Could you give an example of a common mistake among startups?

“Underestimation. In many shapes and forms. Classical biotech drug development projects, and generally speaking new startups, underestimate what it takes to raise money. They don´t see clearly what investors are looking for to invest in their companies. They are great scientists but don´t have the experience it takes to build a company and that often makes them too optimistic with regards to what you can do and how the investors will react. The people we invest in have to show us their business plan and often those business plans require substantial revision. But as long as the idea is right, we can re-write the plan together and come up with something that we believe in – and eventually help get additional investors on board.”

Could you mention a current strength or trend among Denmark’s life science companies?

“Well, in recent years some local companies have successfully built international venture capital syndicates with their existing investors and raised substantial funds in early financing rounds. We have seen that in our portfolio of companies and that is very encouraging. Importantly, it reflects that there are local investors, such as Lundbeckfonden Emerge, who are willing and able to invest substantial amounts early to share the risk with new international investors. It is very important that this trend continues for the further development of local biotech.”
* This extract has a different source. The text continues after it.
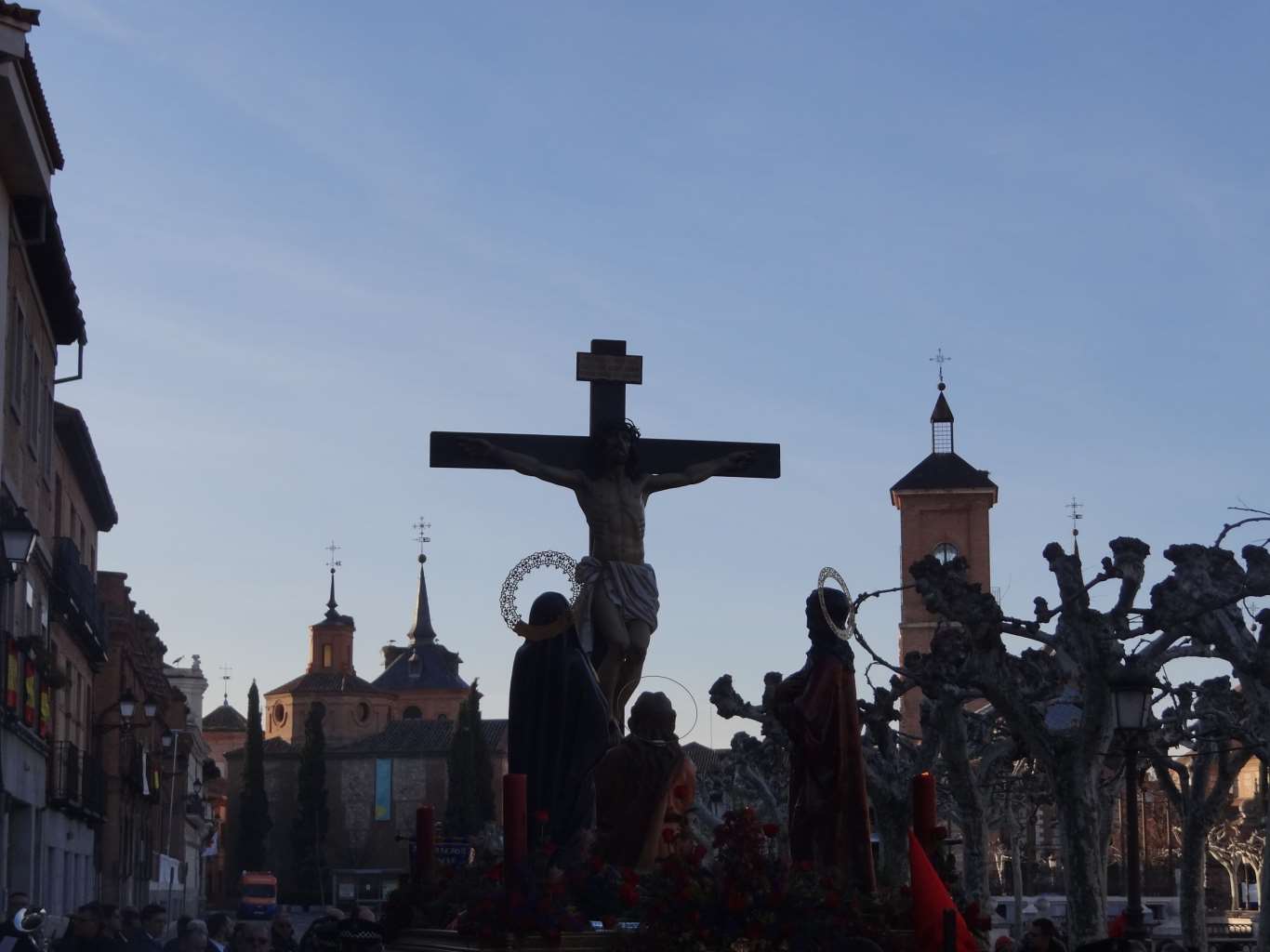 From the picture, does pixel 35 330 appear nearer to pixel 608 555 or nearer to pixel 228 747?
pixel 608 555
What advice do you have for small and mid-sized life science companies looking to raise capital?

“You are trying to develop a commercially valuable product, so focus on the product! What exactly is your product? What difference does it make for the patients and for the payers? Is there a need for it? US biotech companies are often more successful in building products because they understand that the product is key and focus on that early on. My second piece of advice is think long term, e.g., ask yourself when you want to reach the market. Any investor will look at your project and try to determine if it is thought through. Does your future product have merit – when it reaches the market in more than 10 years? Investors need to exit with a profit, they have to provide a return on investment, and they need to have a commercial product that makes sense for patients and payers when it reaches the market. My third piece of advice is think long and hard about your team. Are you employing the right people? Any investor is in the human resource business and invests in teams. What does your team look like and where will it take the company? And lastly, think about the syndicate of investors you are trying to build. Are you aligned with the investors? How can the investors help you get to where you need to go? Who will add value – money, knowledge, network, experience – to your company?”